%%

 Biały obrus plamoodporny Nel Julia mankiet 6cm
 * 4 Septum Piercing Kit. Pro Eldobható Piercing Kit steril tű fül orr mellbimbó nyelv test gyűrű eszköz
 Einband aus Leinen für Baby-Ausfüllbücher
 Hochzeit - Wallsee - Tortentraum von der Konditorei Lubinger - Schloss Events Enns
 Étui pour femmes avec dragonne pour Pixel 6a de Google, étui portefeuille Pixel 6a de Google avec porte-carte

%%
%%

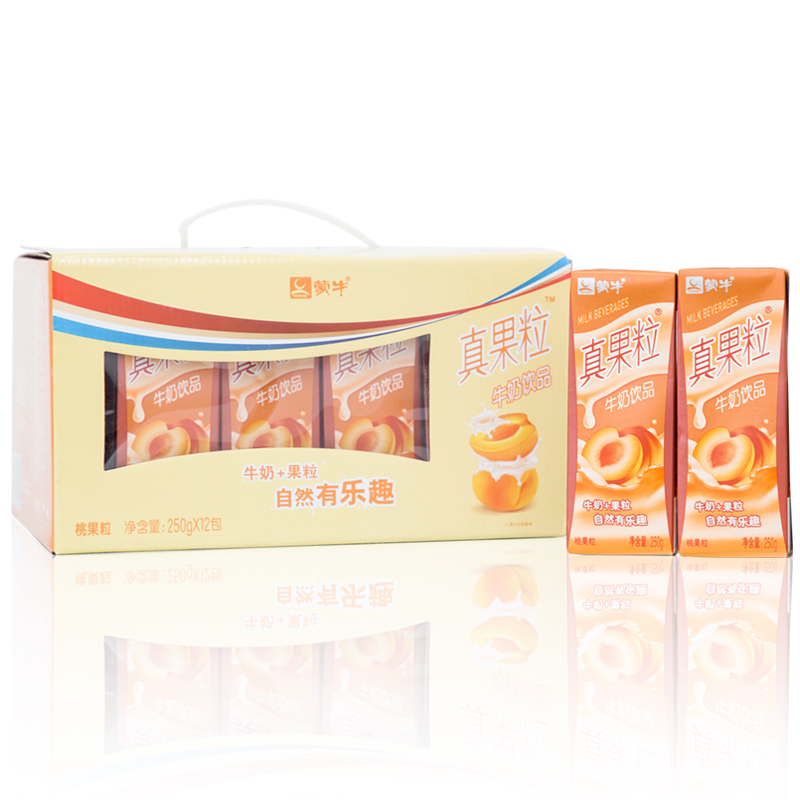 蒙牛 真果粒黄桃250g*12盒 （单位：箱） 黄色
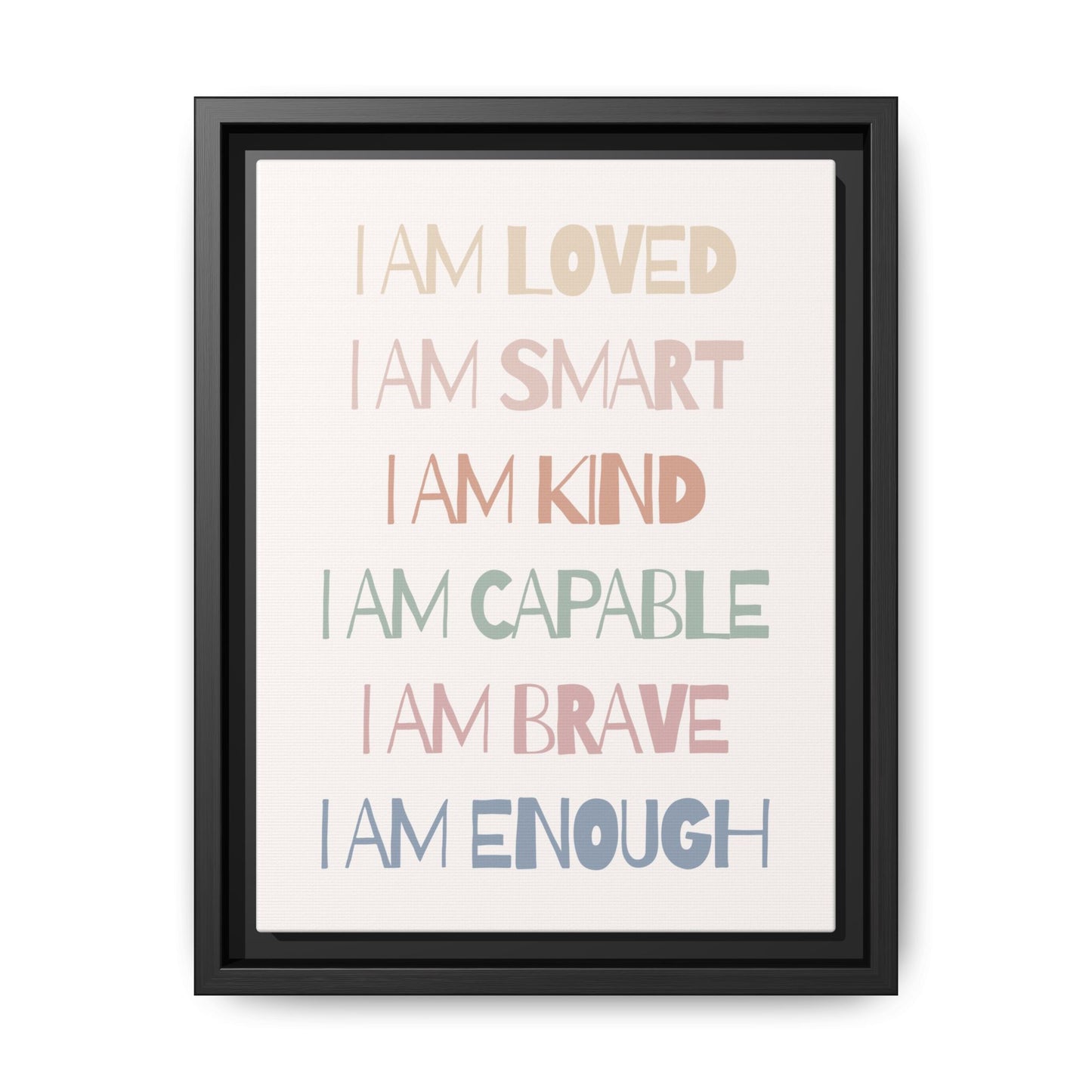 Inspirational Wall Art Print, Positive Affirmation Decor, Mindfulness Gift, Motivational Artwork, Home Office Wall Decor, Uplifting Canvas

%%

# EXERCISE OBJECTIVE
Copy the records above exactly, beginning at the line that contains "Biały obrus plamoodporny" and stopping after the line that contains "Étui pour femmes".

# TASK SOLUTION
 Biały obrus plamoodporny Nel Julia mankiet 6cm
 * 4 Septum Piercing Kit. Pro Eldobható Piercing Kit steril tű fül orr mellbimbó nyelv test gyűrű eszköz
 Einband aus Leinen für Baby-Ausfüllbücher
 Hochzeit - Wallsee - Tortentraum von der Konditorei Lubinger - Schloss Events Enns
 Étui pour femmes avec dragonne pour Pixel 6a de Google, étui portefeuille Pixel 6a de Google avec porte-carte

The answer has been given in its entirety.